Con oltre 200 opere distribuite in cinque sedi, il progetto curato da Spadoni non si limita a un omaggio ma tenta una ri-lettura critica dell’artista. «L’idea – sottolinea il curatore – è restituire a Moreni la sua integrità: non solo l’irruenza informale, ma la lucidità teorica, l’ironia, la capacità di prefigurare il futuro».

Mattia Moreni. Dalla formazione a “L’ultimo sussulto prima della grande mutazione”. Prima tappa: Dagli esordi ai cartelli. Installation view Museo Civico delle Cappuccine di Bagnacavallo. Foto di Andrea Pezzi

In questo senso, la sua parabola non è chiusa: è un invito a interrogarsi sul presente, sulle derive dell’immagine e sulla sopravvivenza della pittura nell’era digitale.

Scriveva Calvino: «Per ora il macabro carnevale dei suoi quadri non ci trascina, bensì ci lascia spettatori interessati ed anche plaudenti alla coraggiosa determinazione dell’autore; ma qualche suo disegno ci dice davvero d’intuizioni che non avevamo ancora veduto spiegate dai pittori di casa nostra come del male che fanno le penne quando crescono, dell’angoscia per uscire dal caos, per districarsi, per metamorfizzarsi.
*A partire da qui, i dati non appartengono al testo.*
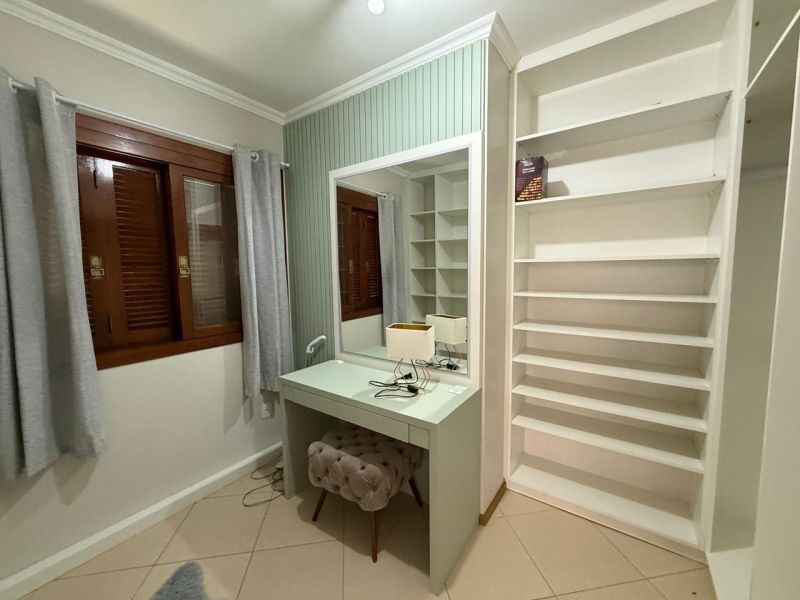 Apartamento com 3 quartos, 2 banheiros e 142m² à venda no bairro Centro, Taquara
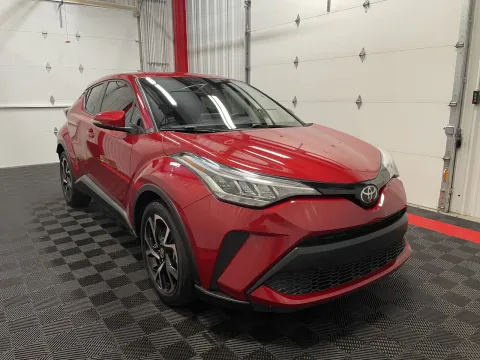 More photos of 2020 Toyota C-HR XLE at Oakley Auto World, MO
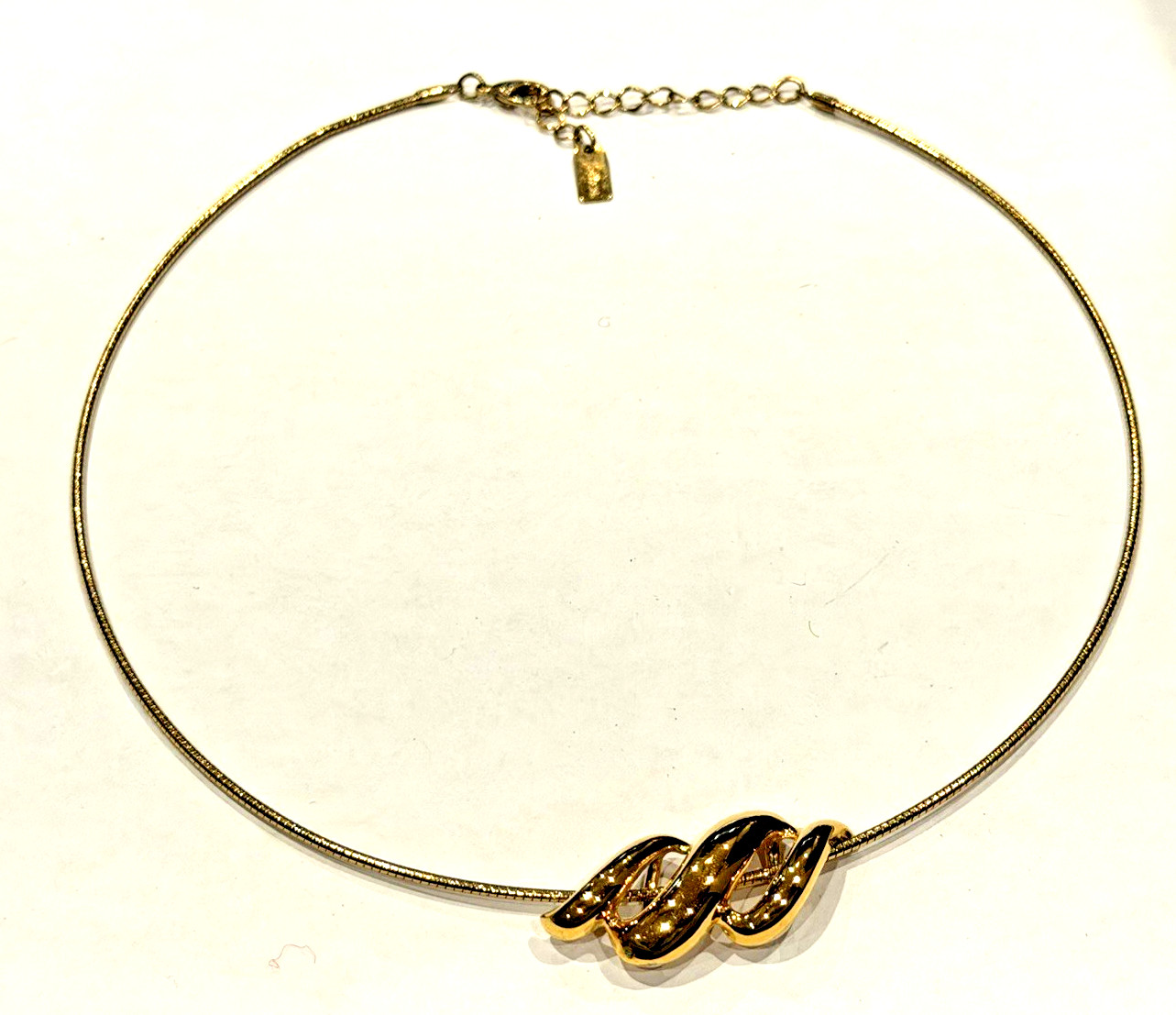 LIZ & CO. OMEGA SNAKE CHAIN CHOKER GOLD SLIDE SWIRL PENDANT Necklace 1980S EUC
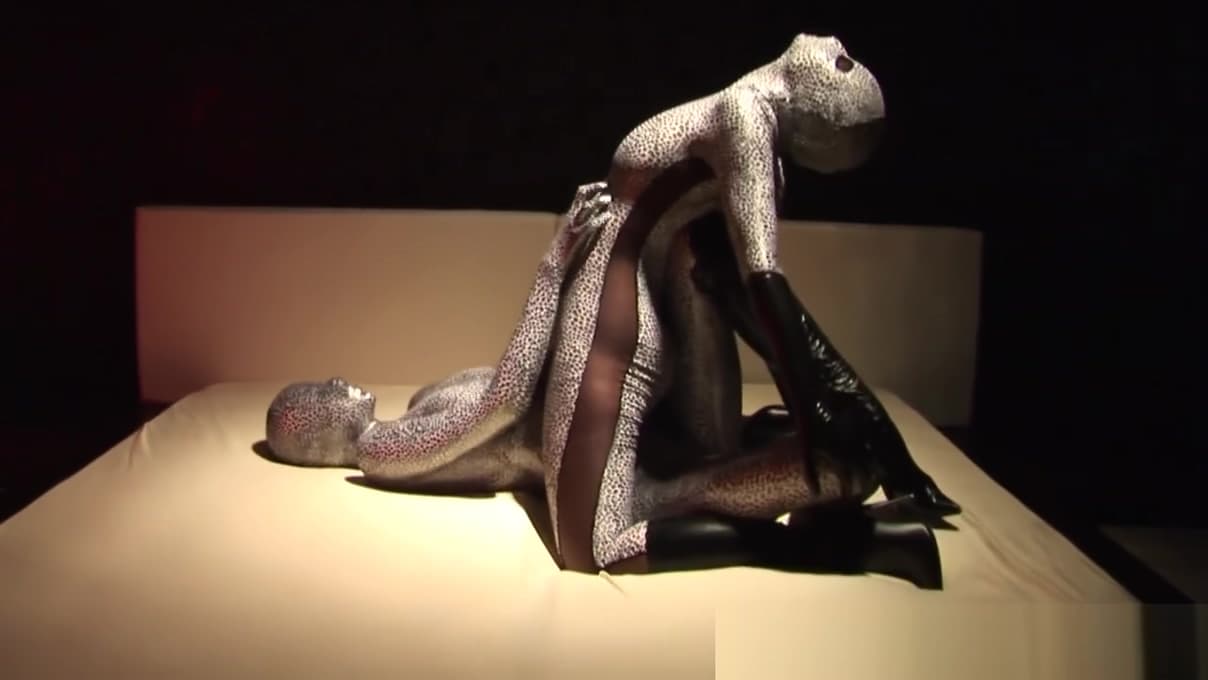 Crazy couple strips in tight spandex_main_thumbnail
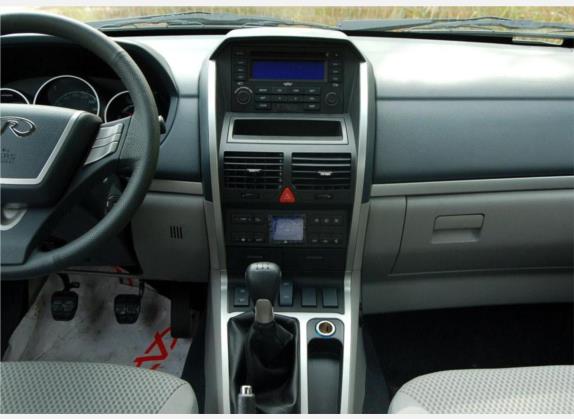威麟X5 2010款 2.0T 四驱舒适型 中控类   中控台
E non è poco, a dispetto della pittura tonale».

«Moreni stesso ha suggerito l’opportunità di un “dubbio dubitoso” su tutto», conclude Spadoni. «È la sua lezione più attuale: diffidare delle certezze, restare aperti, continuare a cercare». Ed è forse questo il senso profondo del progetto: restituire a Moreni la complessità che gli spetta.